Can you point me to the IOS versions that actually implement the SRv6 data-plane? I have seen the SRv6 control plane and CLI, but I haven’t found any IOS version where that actually translates to SRH headers on the wire… The CLI commands on the IOS versions that I have found completely ignore the path steering and just X-in-IPv6 tunnel the packets straight to the destination.
I think that its also only fair to mention certain other facts.
The network programming draft in the IETF is currently the subject of an appeal the outcome of which we are awaiting.
There are many aspects to that appeal, from process violations to the fact that in the opinion of the appellants (and many others), the draft currently violates the base IPv6 specification which could have significant consequences. In fact, by violating the current specification, I would argue that the Network programming draft is in fact in violation of the working group charter through which it is being railroaded.
But – probably the most important point to make on this – is that there is a *huge* amount of concern about burning of the v6 address space when using this technology. Concerns that the authors of this draft have point blank refused to clarify or discuss either within the IETF or with the RIR’s.

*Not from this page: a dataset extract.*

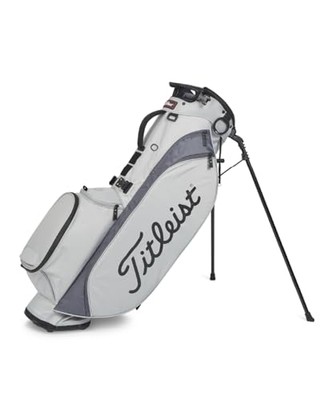 TITLEIST Stand Golfbag New Players 4 TB23SX4A 8.5-Typ 2.1kg 47inch Gray x Gra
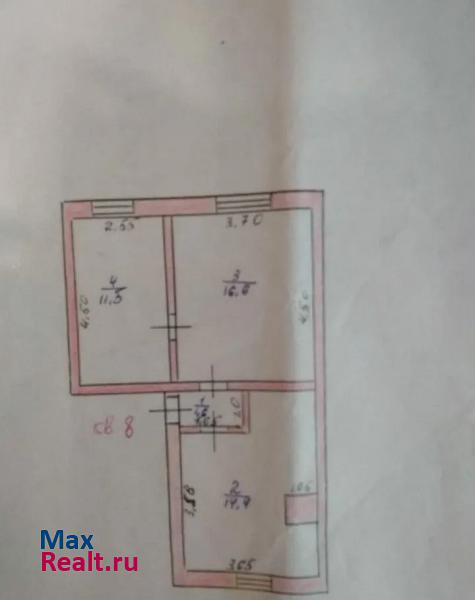 поселок Реутчанский Медвенка купить квартиру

SRv6 network programming is not the utopia it is being spelt out to be – and I would advice anyone looking at this technology – to stop and really understand the potential breakage and consequences of utilizing this in its current form.
Also – please – take note of the comment left by Sander as well – despite all the deployment claims – package capture after packet capture do now show true SRv6 network programming implementation – instead of they show tunneling (which technically is allowed by the draft) – but full implementations? Many requests have been made for packet captures or hardware lists that can actually do this – and so far all we have is deafening silence.
As a follow up to the last comment – more details about the appeal, and the link to the appeal itself, can be found here:
Support on IOS-XR starts with version 6.6 for NCS and ASR9000 (3rd and 4th gen LC).
Despite publicly available announcements from operators who have deployed, I am amused to read someone quoting “the deployment “claims””. Please note that IOS-XR supports SRv6 since 6.6.1 on Cisco custom silicon (ASR9000 series) as well as on merchant silicon (Broadcom’s Jericho/Jericho+) NCS55xx series. Since then, more and more features have been added. The deployments are using 6.6.1 and later images. Furthermore, there is public documentation and config guides present on Cisco product pages.